<korvo>
Is there a blessed way to control what IEEE 754 instructions do, e.g. from math.sin(), or am I on my own?
<korvo>
The context is that I want to expose/control, at user level, the difference between IEEE 754 processor instructions and the hundred-line macro-instructions in rlib.
<korvo>
Fully aware that there will be differences in accuracy; that's part of the goal.
<korvo>
Also fully aware that I might have to go down to libc to figure this one out.
<korvo>
I guess I should zoom out. One of my Cammy demos is raytracing/animating. Some demos are in the megapixel/second range, which means that individual pixels do not have a lot of room for overhead in processing.
<korvo>
I would like to be able to control whether I'm getting e.g. a cheap fast native sine or a fancy low-error high-precision sine, as if I were controlling a GPU or DSP.
<korvo>
(BTW are other folks interested in GPUs? I've written a GPU driver, I could imagine writing more GPU code...)
glyph has quit [Quit: End of line.]
glyph has joined #pypy
itamarst has quit [Quit: Connection closed for inactivity]
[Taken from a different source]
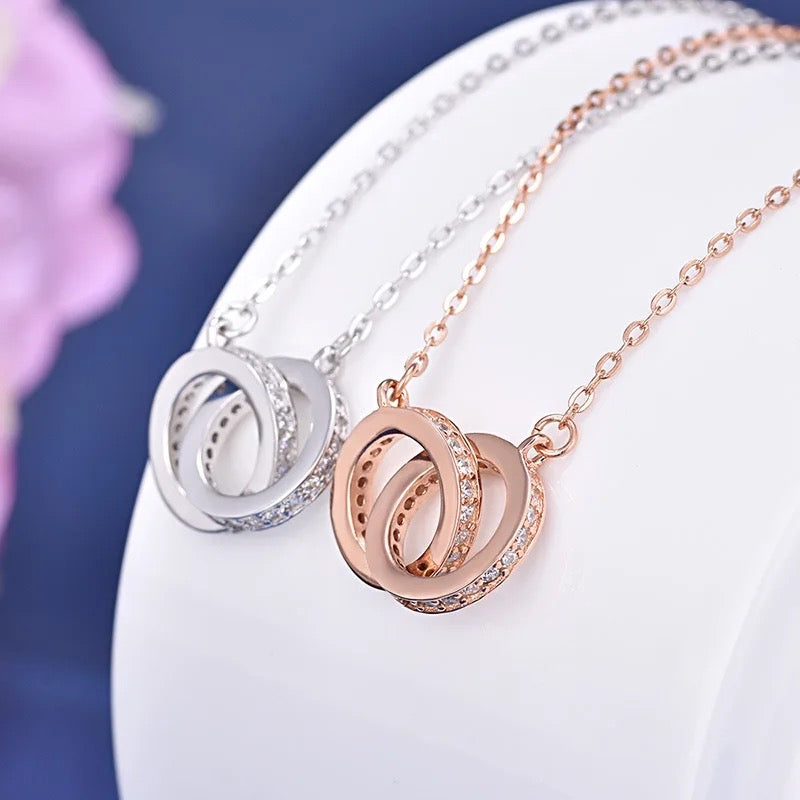 Double Circle Linked Zircon Necklace
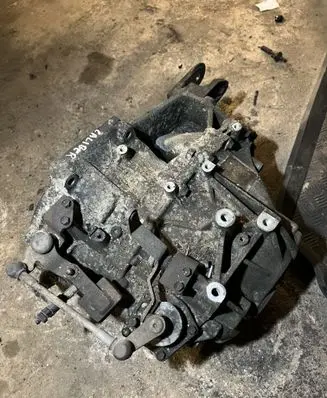 Dodge Caliber Manual 6 speed gearbox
jcea has quit [Ping timeout: 272 seconds]
dmalcolm_ has quit [Ping timeout: 252 seconds]
dmalcolm has joined #pypy
<cfbolz>
korvo: you're on your own, I think
<korvo>
Fair enough, no worries. I got lolremez working again, so that should make it much easier to write a cheap fast non-native sine. I'll do some reading on the libc side of things.